**WORK TO BE COMPLETED**: The copy should begin at the line containing "Woning aan Saltshof 1723 in Wijchen te koop" and end at the last line of the material. Please reproduce those lines exactly and keep pictures out.

**RECORDED INFORMATION**:
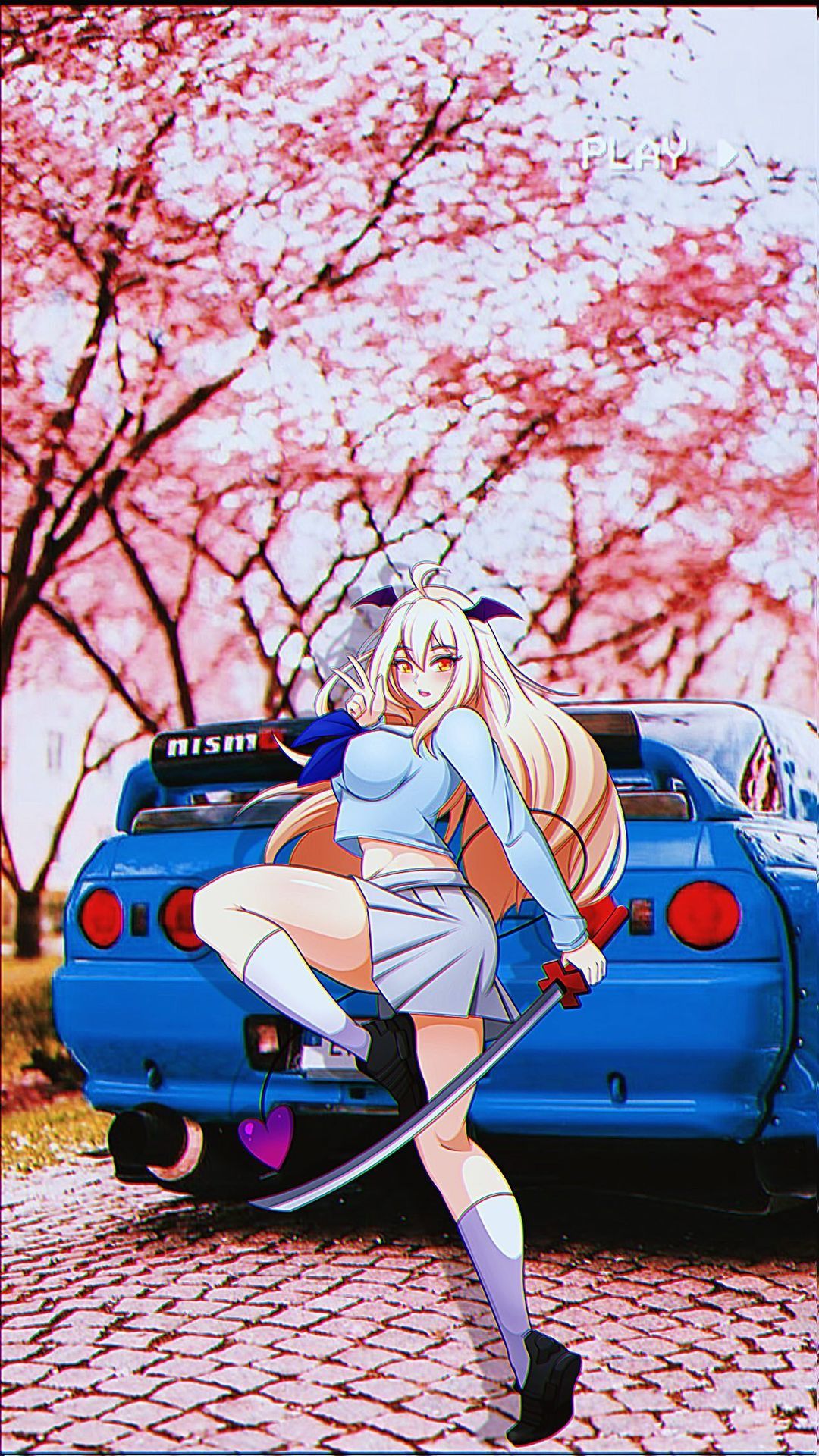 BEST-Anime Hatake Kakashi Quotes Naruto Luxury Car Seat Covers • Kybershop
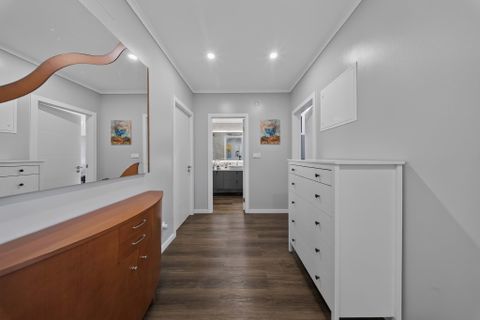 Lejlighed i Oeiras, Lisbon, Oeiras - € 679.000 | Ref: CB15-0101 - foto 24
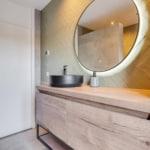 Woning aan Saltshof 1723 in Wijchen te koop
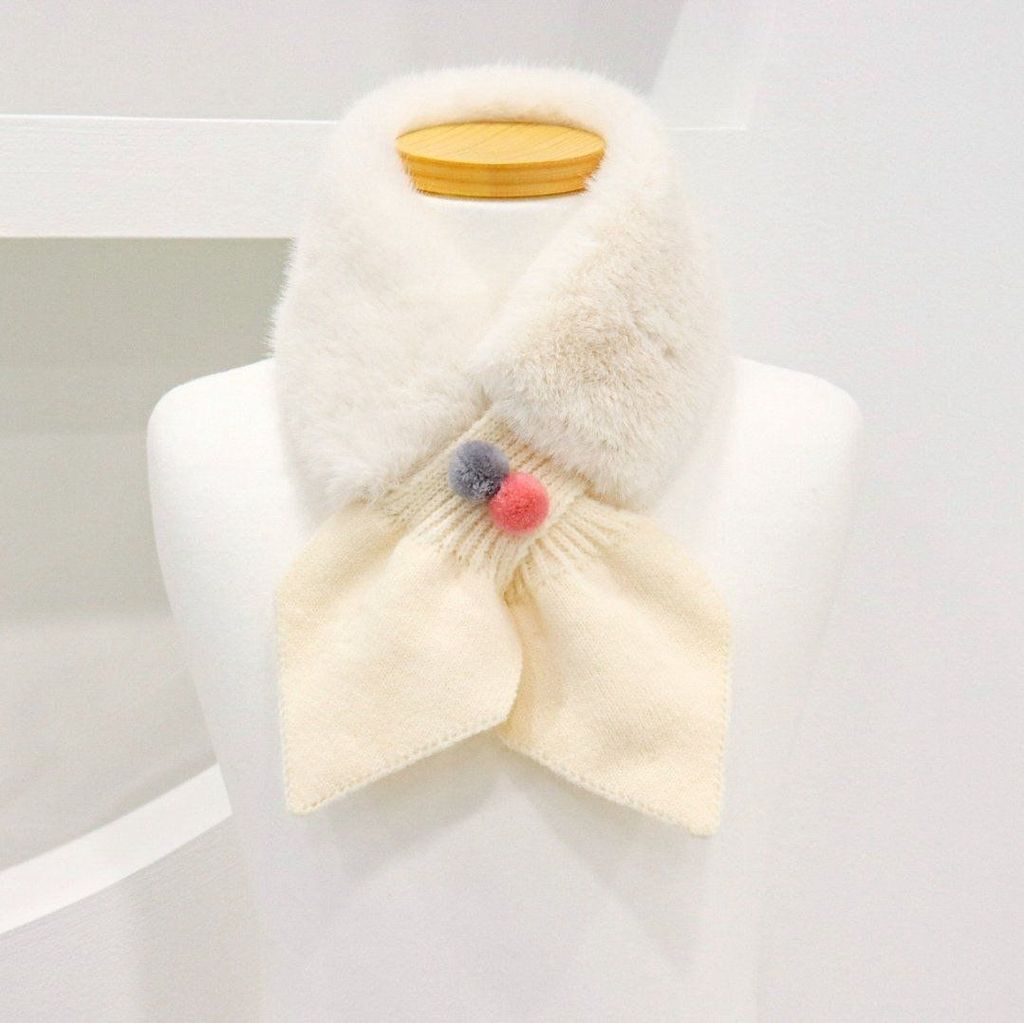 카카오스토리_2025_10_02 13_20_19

**YOUR RESPONSE**:
 Woning aan Saltshof 1723 in Wijchen te koop
 카카오스토리_2025_10_02 13_20_19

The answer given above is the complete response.